In Bayesian statistics, improper distributions and finitely additive probabilities (FAPs) are the two main alternatives to proper distributions, i.e. countably additive probabilities. Both of them can be seen as limits of proper distribution sequences w.r.t. to some specific convergence modes. Therefore, some authors attempt to link these two notions by this means, partly using heuristic arguments. The aim of the paper is to compare these two kinds of limits. We show that improper distributions and FAPs represent two distinct characteristics of a sequence of proper distributions and therefore, surprisingly, cannot be connected by the mean of proper distribution sequences. More specifically, for a sequence of proper distribution which converge to both an improper distribution and a set of FAPs, we show that another sequence of proper distributions can be constructed having the same FAP limits and converging to any given improper distribution. This result can be mainly explained by the fact that improper distributions describe the behavior of the sequence inside the domain after rescaling, whereas FAP limits describe how the mass concentrates on the boundary of the domain.
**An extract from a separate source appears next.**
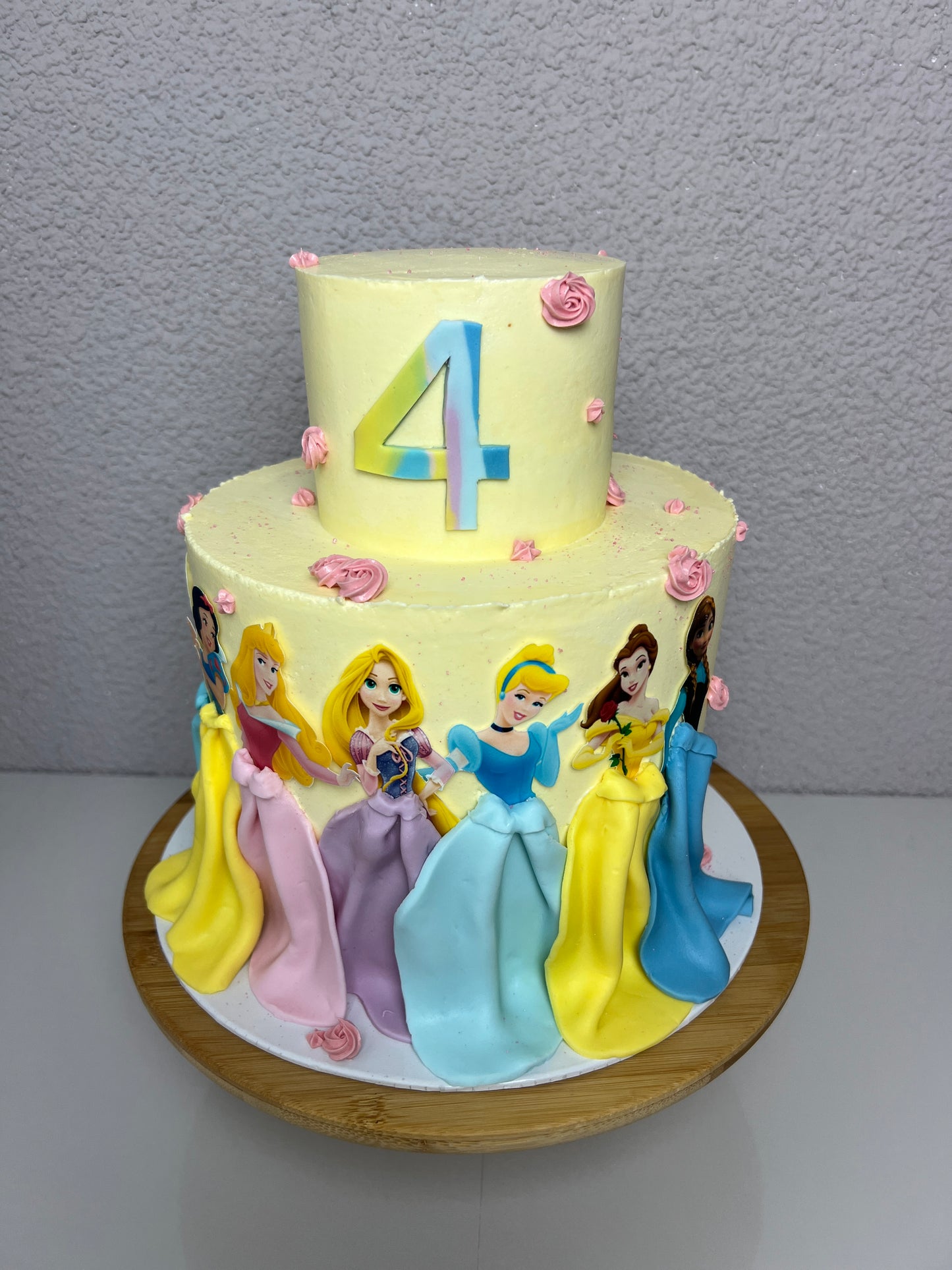 Taart - Gepersonaliseerd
We illustrate our results with several examples and we show the difficulty to define properly a uniform FAP distribution on the natural numbers as an equivalent of the improper flat prior. MSC 2010 subject classifications: Primary 62F15; secondary 62E17,60B10.

翻译：在贝叶斯统计学中，不适当分布和有限可加概率（FAPs）是适当分布（即可数可加概率）的两种主要替代方案。二者均可视为适当分布序列在特定收敛模式下的极限。因此，部分学者试图通过此途径将这两个概念联系起来，其中涉及部分启发式论证。本文旨在比较这两类极限。我们证明，不适当分布和FAPs体现了一个适当分布序列的两个不同特征，因此令人惊讶地，它们无法通过适当分布序列这一中间手段关联。具体而言，对于同时收敛到某个不适当分布和一组FAPs的适当分布序列，我们证明可以构造另一个具有相同FAP极限的适当分布序列，使其收敛到任意给定的不适当分布。该结果主要源于以下事实：不适当分布描述序列在域内重缩放后的行为，而FAP极限则描述质量在域边界上的集中方式。我们通过多个例子阐释结果，并展示在自然数集上正确定义均匀FAP分布作为不适当平坦先验等价物的困难性。MSC 2010主题分类：主类62F15；次类62E17，60B10。